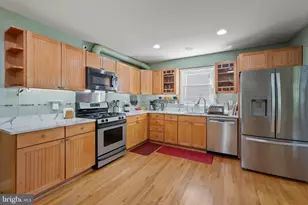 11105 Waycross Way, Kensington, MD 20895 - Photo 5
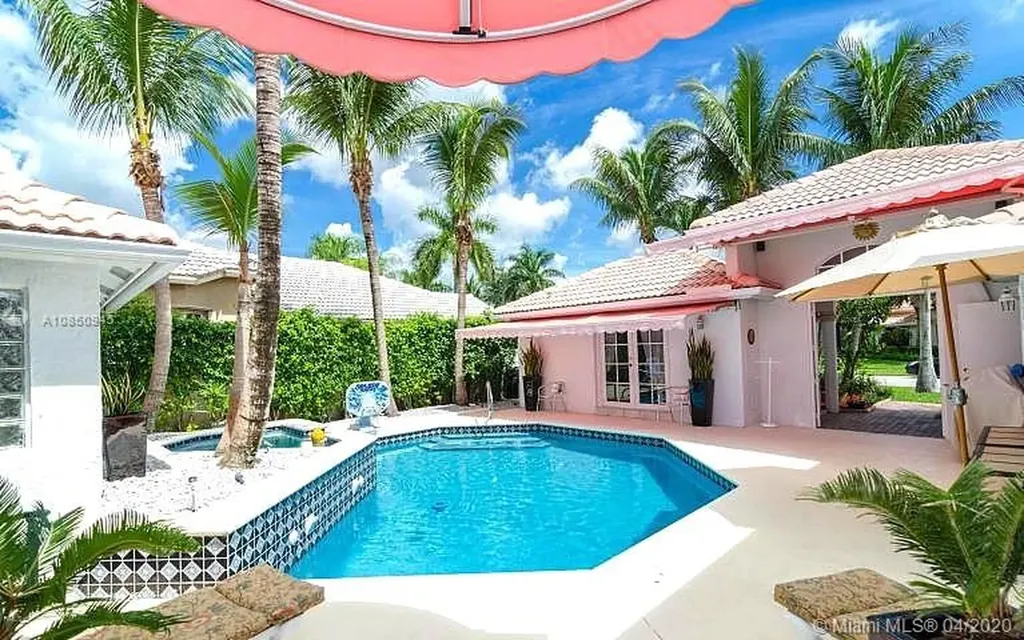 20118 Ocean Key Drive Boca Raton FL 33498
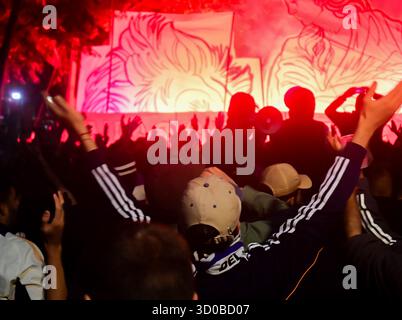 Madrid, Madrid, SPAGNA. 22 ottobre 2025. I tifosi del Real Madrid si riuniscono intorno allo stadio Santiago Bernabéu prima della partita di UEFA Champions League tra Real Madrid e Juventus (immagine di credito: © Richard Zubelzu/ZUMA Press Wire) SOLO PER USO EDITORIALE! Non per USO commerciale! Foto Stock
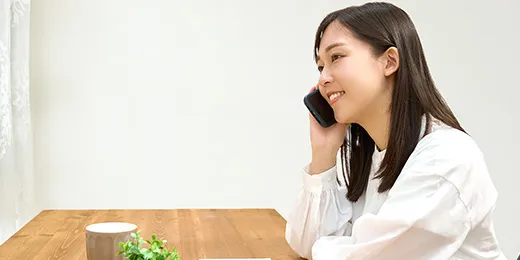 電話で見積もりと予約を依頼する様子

+ + +

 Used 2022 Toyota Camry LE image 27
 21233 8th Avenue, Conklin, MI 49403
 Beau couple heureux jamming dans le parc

+ + +

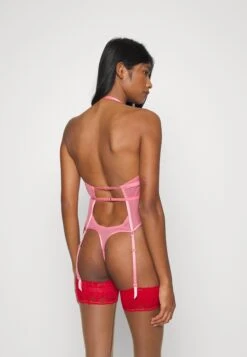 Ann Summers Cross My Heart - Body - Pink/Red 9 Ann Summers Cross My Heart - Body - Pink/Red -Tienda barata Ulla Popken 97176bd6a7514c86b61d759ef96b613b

+ + +

### The task
In the records above, find the line with "11105 Waycross Way, Kensington, MD" and the line with "電話で見積もりと予約を依頼する様子"; please transcribe exactly those two lines and all lines between them, omitting any picture.

### Answer to the problem
 11105 Waycross Way, Kensington, MD 20895 - Photo 5
 20118 Ocean Key Drive Boca Raton FL 33498
 Madrid, Madrid, SPAGNA. 22 ottobre 2025. I tifosi del Real Madrid si riuniscono intorno allo stadio Santiago Bernabéu prima della partita di UEFA Champions League tra Real Madrid e Juventus (immagine di credito: © Richard Zubelzu/ZUMA Press Wire) SOLO PER USO EDITORIALE! Non per USO commerciale! Foto Stock
 電話で見積もりと予約を依頼する様子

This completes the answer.